### Task item
Render every line of the data exactly as written, and leave out the pictures.

[[ Data for this exercise open ]]

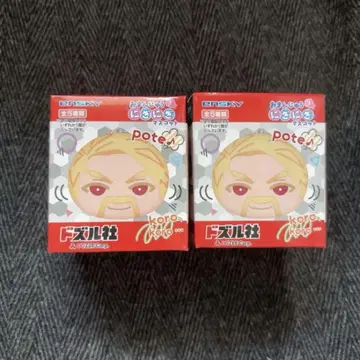 도즈루사 오만주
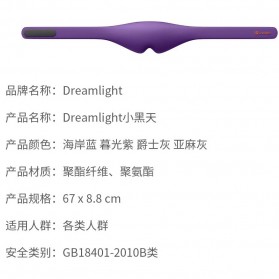 Dreamlight Ease Lite Gen.2 Penutup Mata Sleeping Max - DLSMELG002 - Gray - 3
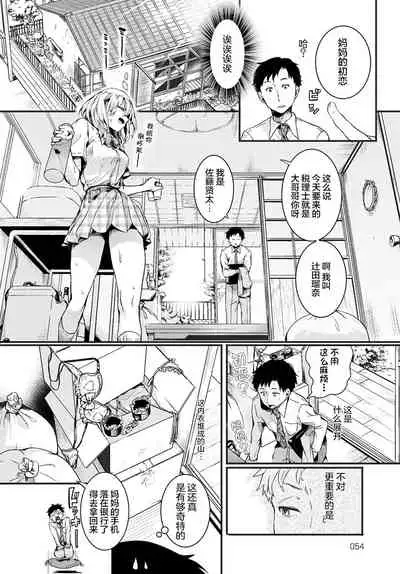 Mama to Kanojo to Boku no Anonatsu Zenpen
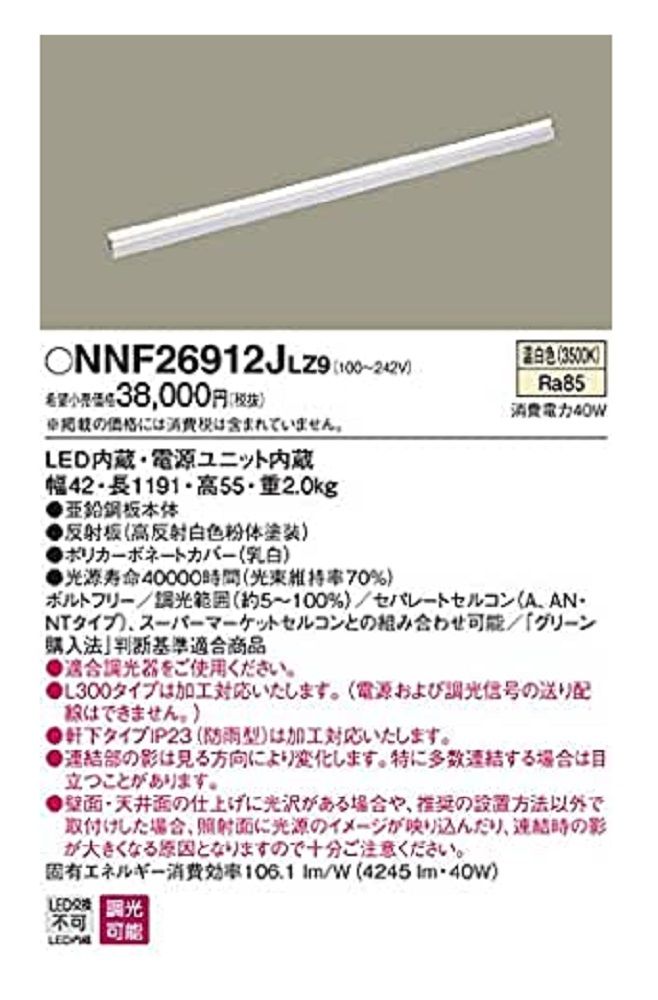 LED シームレス建築部材 照明器具 L1200 温白色 NNF26912JLZ9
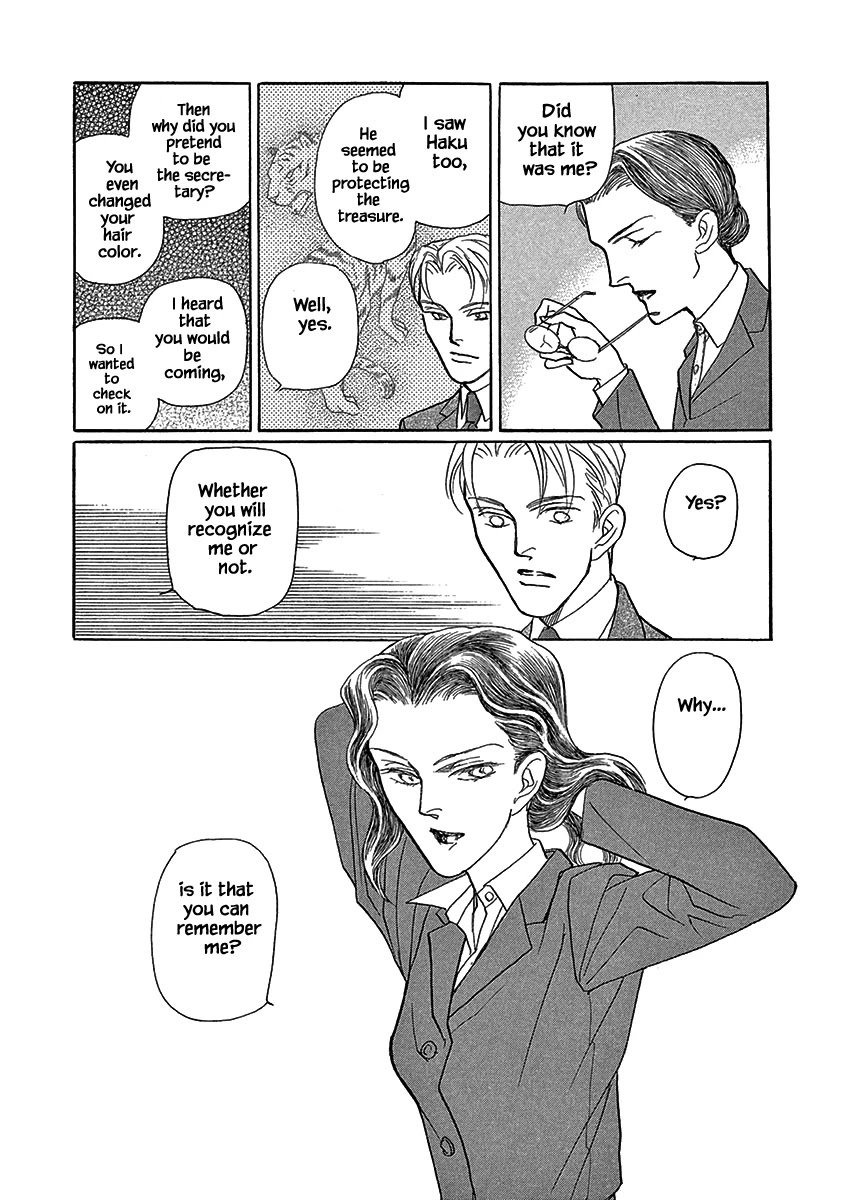 Lady Chinoiserie Chapter 13 page 13 - Chapter 13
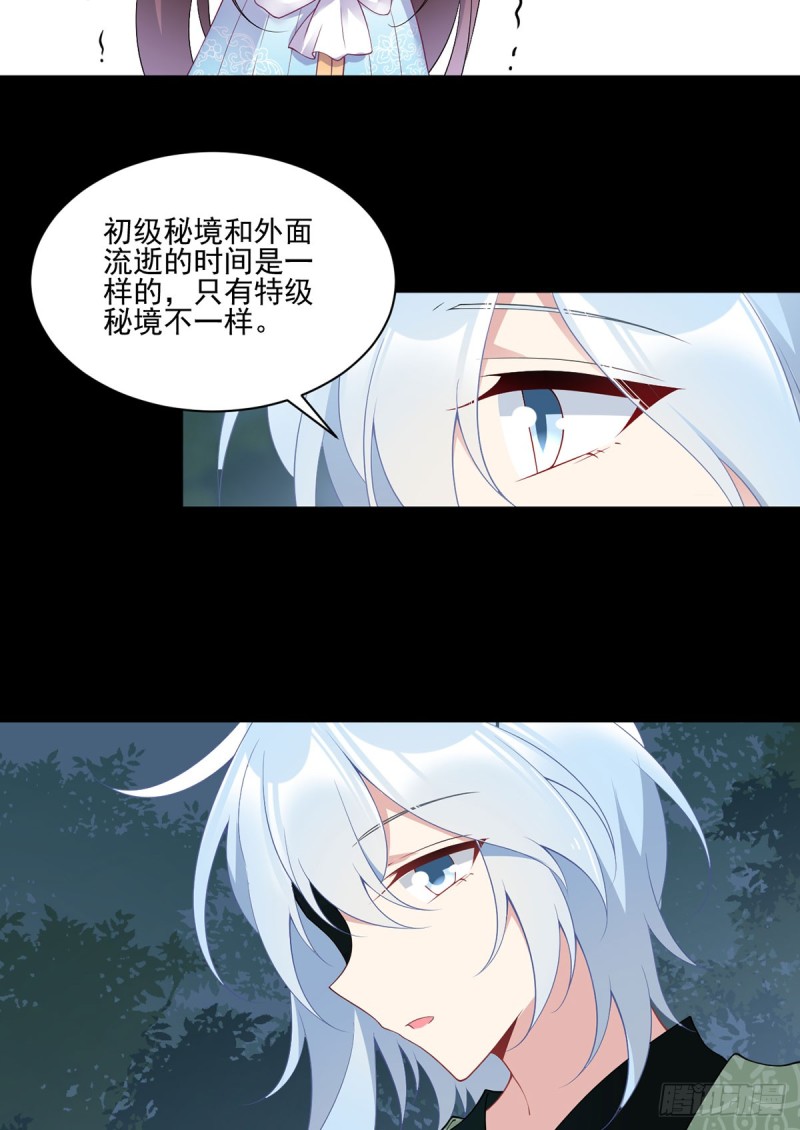 165.小渊渊没料到的事18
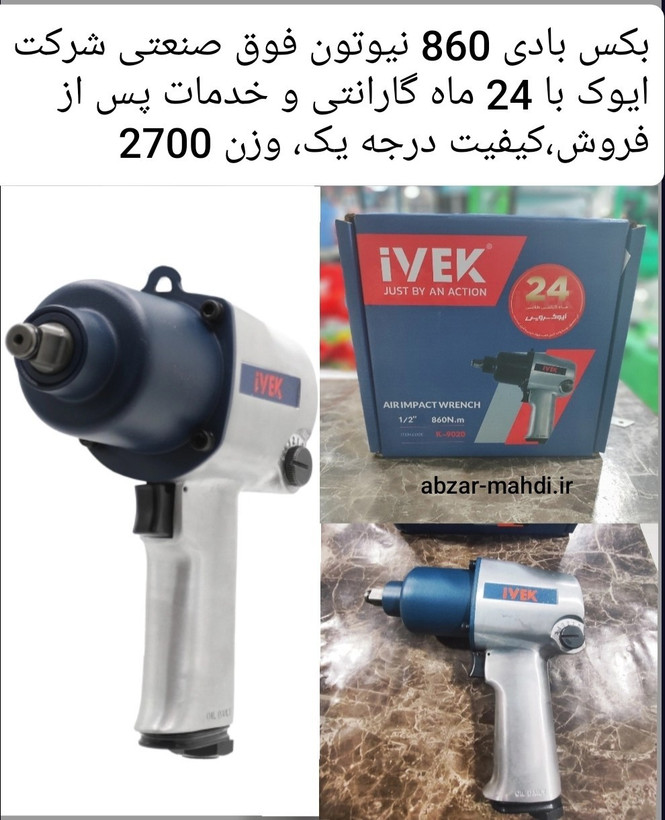 بکس بادی ایوک 1/2 اینچ مدل K-9020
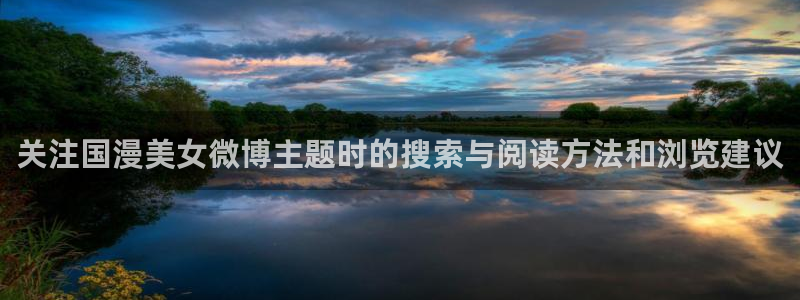 热门动漫
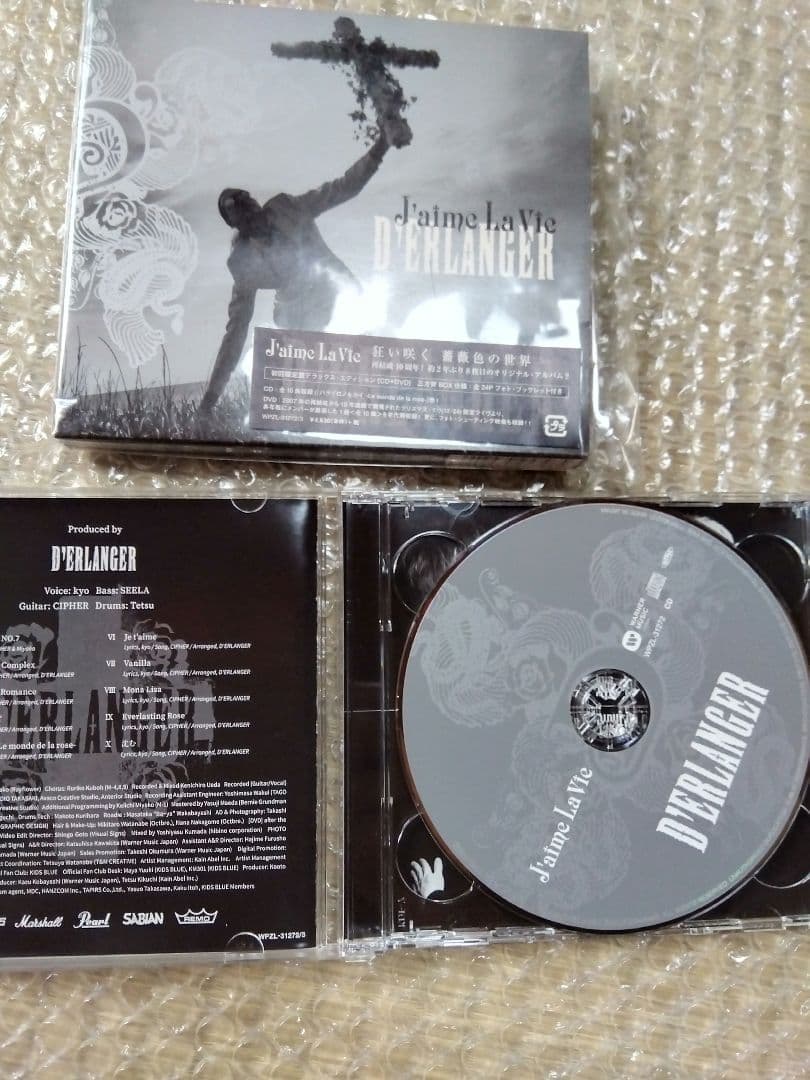 【バラ売り、値下げ不可】D'ERLANGER CD 7枚セット　中古・美品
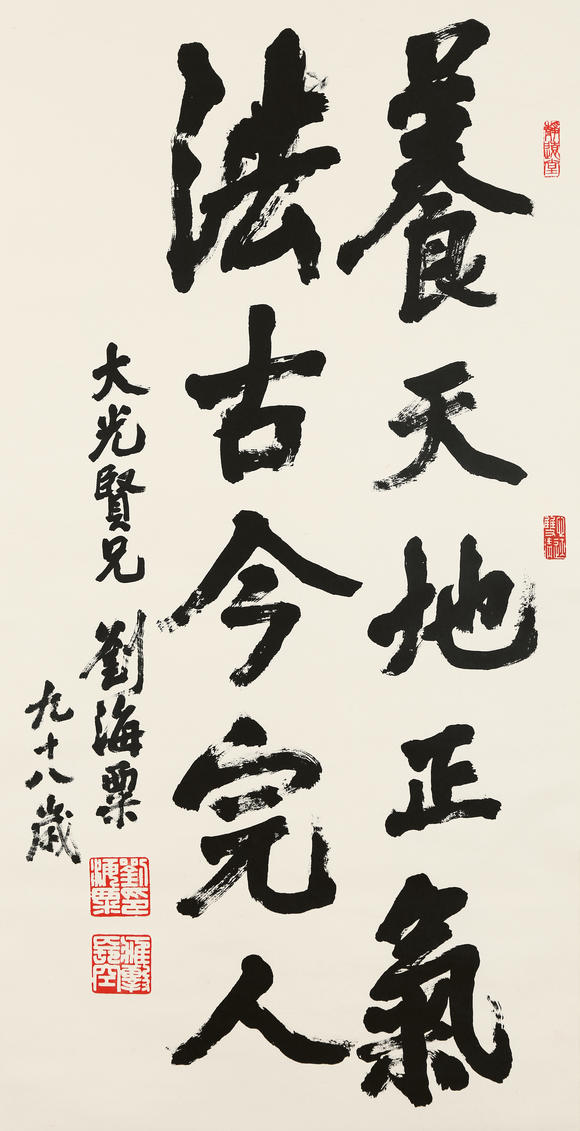 萬領(lǐng)國際|日本萬領(lǐng)國際2026年夏季精品拍賣會劉海粟  行書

[[ Data for this exercise closed ]]

### Response area
 도즈루사 오만주
 Dreamlight Ease Lite Gen.2 Penutup Mata Sleeping Max - DLSMELG002 - Gray - 3
 Mama to Kanojo to Boku no Anonatsu Zenpen
 LED シームレス建築部材 照明器具 L1200 温白色 NNF26912JLZ9
 Lady Chinoiserie Chapter 13 page 13 - Chapter 13
 165.小渊渊没料到的事18
 بکس بادی ایوک 1/2 اینچ مدل K-9020
 热门动漫
 【バラ売り、値下げ不可】D'ERLANGER CD 7枚セット　中古・美品
 萬領(lǐng)國際|日本萬領(lǐng)國際2026年夏季精品拍賣會劉海粟  行書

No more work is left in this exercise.